Braunschweig. Eintracht pirscht sich ran. Nachdem das Montagsspiel zwischen Kaiserslautern und Düsseldorf 1:1 endete, sind es für die Blau-Gelben „nur“ noch sechs Punkte bis Tabellenplatz zwei in der 2. Fußball-Bundesliga.
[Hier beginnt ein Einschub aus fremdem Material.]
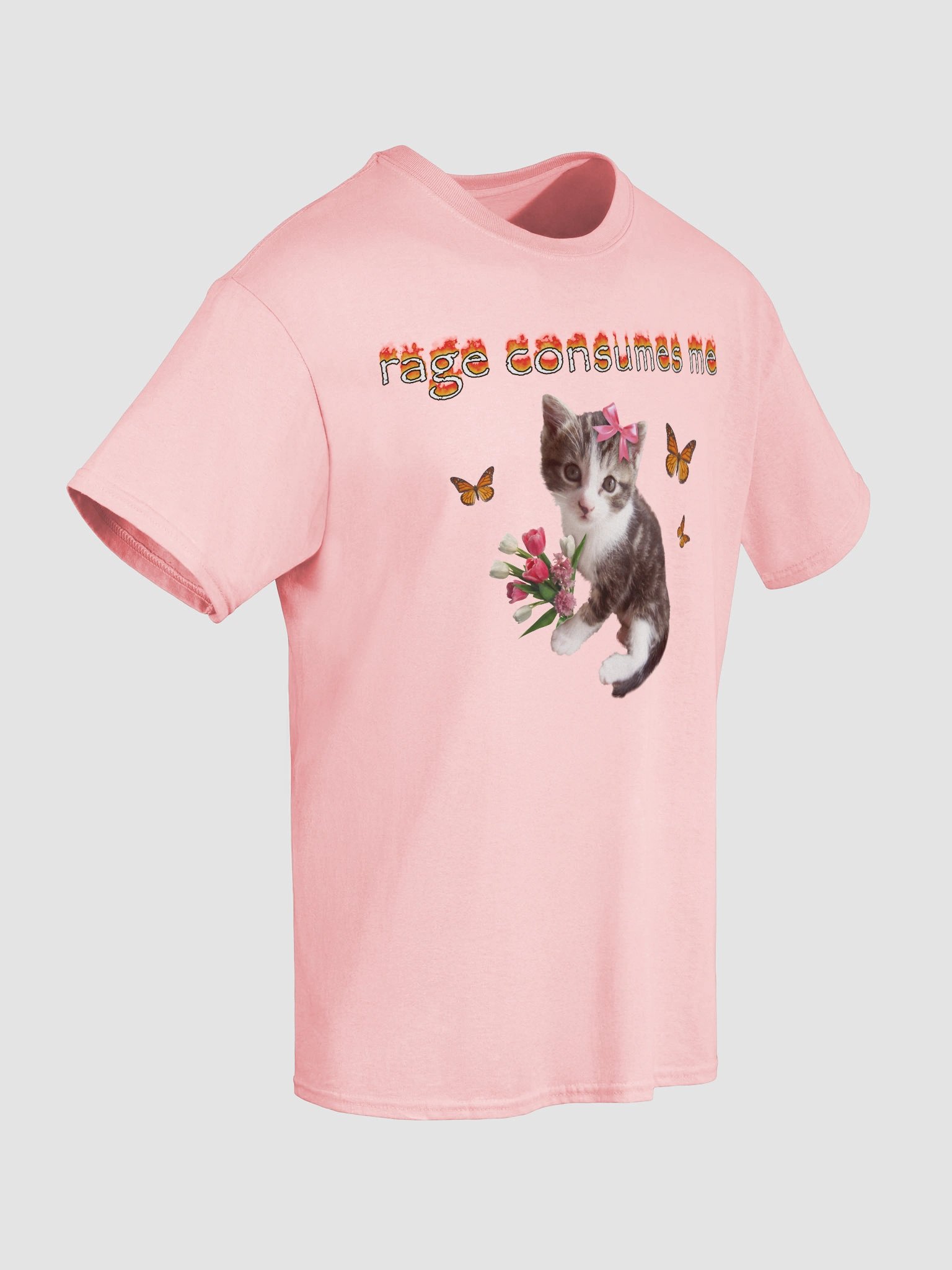 Rage Consumes Me Cat T-shirt product image (8)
Für Torsten Lieberknecht aber kein Grund zur Euphorie, auch wenn er sich zufrieden mit dem 2:0 gegen 1860 München zeigt: „Wir haben das Spiel im Griff gehabt und verdient gewonnen. Vor der Pause hatten wir allerdings eine Phase, in der sich der Schlendrian eingeschlichen hatte.“ Sehr zufrieden war Lieberknecht mit der Leistung von Jan Washausen. Der 26-Jährige überzeugte im defensiven Mittelfeld und empfahl sich für weitere Aufgaben: „Jan hat in den vergangenen Wochen sehr auffällig trainiert, deshalb war sein Einsatz die logische Konsequenz. Er hat gegen 1860 seine Spielintelligenz unter Beweis gestellt“, so der 41-Jährige, der sich freut, dass mit Washausen „ein Spieler aus unserem eigenen Nachwuchs“ überzeugte und bewies „dass man bei uns durch gute Trainingsleistungen seine Chance erhält.“
Auch Jan Hochscheidt, der den ersten Treffer durch Hendrick Zuck vorbereitete, und beim zweiten Tor selbst vollstreckte, erhielt ein Lob vom Trainer: „Für Jan freut mich, dass er endlich mal wieder das Gefühl genießen konnte, ein Tor zu schießen. Er ist generell ein sehr torgefährlicher Spieler, der noch besser spielen kann, als momentan.“
Da auch Darmstadt nur Remis spielte, rückten die Blau-Gelben näher an den Pulk an der Tabellenspitze heran, sodass es bis zum Relegationsrang nur noch fünf Punkte sind: „Wir sind unruhig in diese nicht ganz einfache Saison gestartet. Was man der Mannschaft bescheinigen kann, ist, dass sie den Worten Taten folgen lassen hat“, ist Lieberknecht zufrieden mit der Ausbeute von 44 Zählern. Ob aus der Tuchfühlung nach oben mehr werden kann, möchte der Coach aber nicht mutmaßen: „Mir ist wichtig, dass sich die Mannschaft in Richtung Zukunft entwickelt, was momentan der Fall ist. Deshalb bin ich auch nicht enttäuscht, egal wie die Saison ausgeht.“
Respekt hat Lieberknecht vor allem vor dem Konkurrenten aus Karlsruhe: „Die guten Leistungen sind keine Überraschung. Der KSC hat eine supergewachsene Mannschaft, wir sind momentan wieder auf dem Weg dahin. Die Badener sind das einzige Spitzenteam, auf das die Löwen noch treffen. Das „psychologische Moment“ sieht er durch die Ergebnisse momentan jedenfalls auf Eintrachts Seite: „Sechs Punkte auf den FCK sind sicherlich nicht viel, das waren schon mal zehn.“
Dennoch beurteilt er die Ausgangslage im Hinblick auf die Restsaison als „schwierigste Position“ von allen oberen Teams. Der Grund: Neben den fehlenden Möglichkeiten, weiteren Konkurrenten Punkte abzunehmen, kommen alle anderen Gegner aus dem Tabellenmittelfeld oder befinden sich im Abstiegssumpf: „In Aue oder Aalen herrscht der pure Existenzkampf, zudem fühlt sich Aalen durch den Zwei-Punkte-Abzug ungerecht behandelt. Das hat dazu geführt, dass dort alles noch enger zusammengerückt ist.“
Für das Spiel in Aalen (Samstag, 13 Uhr) droht auch Emil Berggreen auszufallen. Den Stürmer plagt eine Schleimbeutelentzündung im Knie.